Li Lu, Thompson Connor, Henselman-Petrusek Gregory, Giusti Chad, Ziegelmeier Lori
Mathematics, Statistics, and Computer Science Department, Macalester College, Saint Paul, MN, United States.
Department of Mathematics, Purdue University, West Lafayette, IN, United States.
Front Artif Intell. 2021 Oct 11;4:681117. doi: 10.3389/frai.2021.681117. eCollection 2021.
Cycle representatives of persistent homology classes can be used to provide descriptions of topological features in data. However, the non-uniqueness of these representatives creates ambiguity and can lead to many different interpretations of the same set of classes. One approach to solving this problem is to optimize the choice of representative against some measure that is meaningful in the context of the data. In this work, we provide a study of the effectiveness and computational cost of several minimization optimization procedures for constructing homological cycle bases for persistent homology with rational coefficients in dimension one, including uniform-weighted and length-weighted edge-loss algorithms as well as uniform-weighted and area-weighted triangle-loss algorithms. We conduct these optimizations via standard linear programming methods, applying general-purpose solvers to optimize over column bases of simplicial boundary matrices. Our key findings are: 1) optimization is effective in reducing the size of cycle representatives, though the extent of the reduction varies according to the dimension and distribution of the underlying data, 2) the computational cost of optimizing a basis of cycle representatives exceeds the cost of computing such a basis, in most data sets we consider, 3) the choice of linear solvers matters a lot to the computation time of optimizing cycles, 4) the computation time of solving an integer program is not significantly longer than the computation time of solving a linear program for most of the cycle representatives, using the Gurobi linear solver, 5) strikingly, whether requiring integer solutions or not, we almost always obtain a solution with the same cost and almost all solutions found have entries in and therefore, are also solutions to a restricted optimization problem, and 6) we obtain qualitatively different results for generators in Erdős-Rényi random clique complexes than in real-world and synthetic point cloud data.
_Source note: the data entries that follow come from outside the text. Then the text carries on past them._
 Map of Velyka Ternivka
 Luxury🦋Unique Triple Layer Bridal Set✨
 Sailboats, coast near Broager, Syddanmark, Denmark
持久同调类的循环代表可用于描述数据中的拓扑特征。然而,这些代表的非唯一性会产生模糊性,并可能导致对同一组类有许多不同的解释。解决这个问题的一种方法是根据在数据背景下有意义的某种度量来优化代表的选择。在这项工作中,我们研究了几种最小化优化程序在构建一维有理系数持久同调的同调循环基方面的有效性和计算成本,包括均匀加权和长度加权的边损失算法以及均匀加权和面积加权的三角形损失算法。我们通过标准线性规划方法进行这些优化,应用通用求解器在单纯形边界矩阵的列基上进行优化。我们的主要发现是:1)优化在减小循环代表的规模方面是有效的,尽管减小的程度根据基础数据的维度和分布而有所不同;2)在我们考虑的大多数数据集中,优化循环代表基的计算成本超过了计算这样一个基的成本;3)线性求解器的选择对优化循环的计算时间有很大影响;4)使用Gurobi线性求解器,对于大多数循环代表,求解整数规划的计算时间并不比求解线性规划的计算时间长得多;5)引人注目的是,无论是否要求整数解,我们几乎总是得到具有相同成本的解,并且找到的几乎所有解的元素都在 中,因此,它们也是一个受限优化问题的解;6)对于厄多斯 - 雷尼随机团复形中的生成元,我们得到的结果与真实世界和合成点云数据中的结果在性质上不同。